Hallo
Bin ein neuling auf dem Gebiet der Elektronik und habe noch nicht sehr
viel Erfahrung!Habe die angehängte Schaltung gebaut(dient dazu um Drähte
zu verschweissen), da mir aber ein Schalter nach dem anderen den Dienst
versagt, möchte ich eine sehr einfache und kleine Strombegrenzung
bauen(mit so wenig wie möglich Verlustleistung, und so klein wie
möglich).
1. Leider habe ich so nicht wirklich etwas gefunden das mir zusagt!Es
sollte low Budget sein da ich pro Gerät 4 stk. brauche!
2. Stärkere Schalter gibt es in der grösse leider nicht, das Gerät ist
nur 120x70x40 mm. Es sollte auch so Handlich bleiben!
3. Es flie?en ca um die 50A oder mehr über die Schalter beim schalten im
Betrieb, das machen sie leider nur 2 - 3 mal mit!(Möchte die begrenzung
auf ca. 3A oder weniger)
Könnt ihr mir einen Tip geben oder event. einen Schaltplan dafür!
Vielen Dank im vorraus
Andy
Hi Andy,
verstehe Dein Anliegen nur zum Teil.
Du willst den Srom zum Schweissen begrenzen von 50A auf 3A?
Damit kannst Du doch dann nicht mehr Schweissen oder?
Ich habe bei einem ähnlichen Problem mit einem kleinen Schalter dann ein
30A KFZ Relais geschaltet. Die sind auch recht klein und es funktioniert
bis heute recht gut.
Warum hast Du 4 ELkos mit 4 Schaltern? Was machst Du damit genau?

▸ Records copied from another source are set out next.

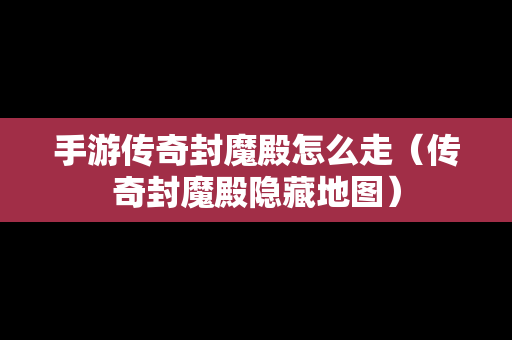 手游传奇封魔殿怎么走（传奇封魔殿隐藏地图）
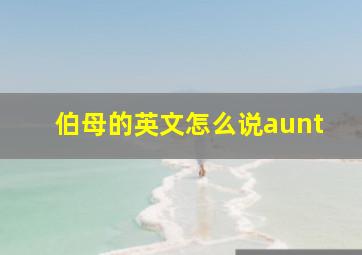 伯母的英文怎么说aunt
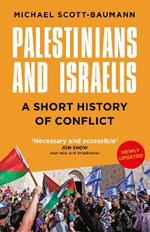 Palestinians and Israelis: A Short History of Conflict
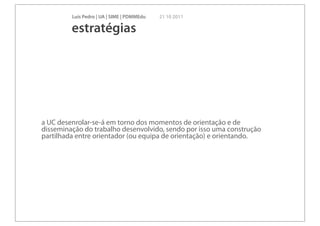 Luís Pedro | UA | SIME | PDMMEdu   21 10 2011

         estratégias




a UC desenrolar-se-á em torno dos momentos de orientação e de
disseminação do trabalho desenvolvido, sendo por isso uma construção
partilhada entre orientador (ou equipa de orientação) e orientando.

Kannst Du nicht einfach die 2 Drahtenden als Schater zum Schweissen
nehmen (alle ELkos parallel)?
Gruß
Hallo
Also
1. 4 Elkos und 4 Schalter deshalb das ich die Elkos zu oder wegschalten
kann je nach Drahtstärke (für dünnen Drähte brauch ich nur einen Elko da
die Drähte sonst verdampfen beim zusammenschweissen)Es werden Zwei
unterschiedliche Drähte miteinander verschweisst!
2.Ich will nicht den Strom zum schweissen begrenzen sondern den Strom
der fliesst wenn ich den Schalter betätige weil mir der sonst wegbrennt
! D.h. beim betätigen eines Schalters, schalte ich einen Elko hinzu, der
Strom der in diesem moment fliesst, von dem Elko der schon geladen ist,
knallt mir den Schalter durch und diesen möchte ich
begrenzen(verhindern, sozusagen den "Schaltstrom")
3. die drahtenden bzw die Klemmen wo die Drähte eingeklemmt werden haben
"Dauerstrom"
Gruss
Andy schrieb:> 2.Ich will nicht den Strom zum schweissen begrenzen sondern den Strom> der fliesst wenn ich den Schalter betätige weil mir der sonst wegbrennt> !
Dann nimm pro Elko zwei Schalter. Der erste stellt zum
Potentialausgleich die Verbindung über einen Strombegrnzungswiderstand
her, der zweite wird erst geschlossen, wenn die Kondensatorspannungen
angeglichen sind.
Ich nehme mal an, dass der geschlossene Schalter den Strom kann.
Dann kannst du einfach parallel zu den Schaltern einen Widerstand (z.B.
1k) schalten. Der lädt dann in einer etwas längeren Zeit den Kondensator
auf und wenn du dessen Ladung benötigst, dann schaltest du den Schalter
zum Entladen ein und der Schweißstrom fließt über diesen. Bei den
offenen Schalter fließt natürlich auch ein Strom, der aber genügend
klein ist um den Schweißstrom nicht merklich zu verändern.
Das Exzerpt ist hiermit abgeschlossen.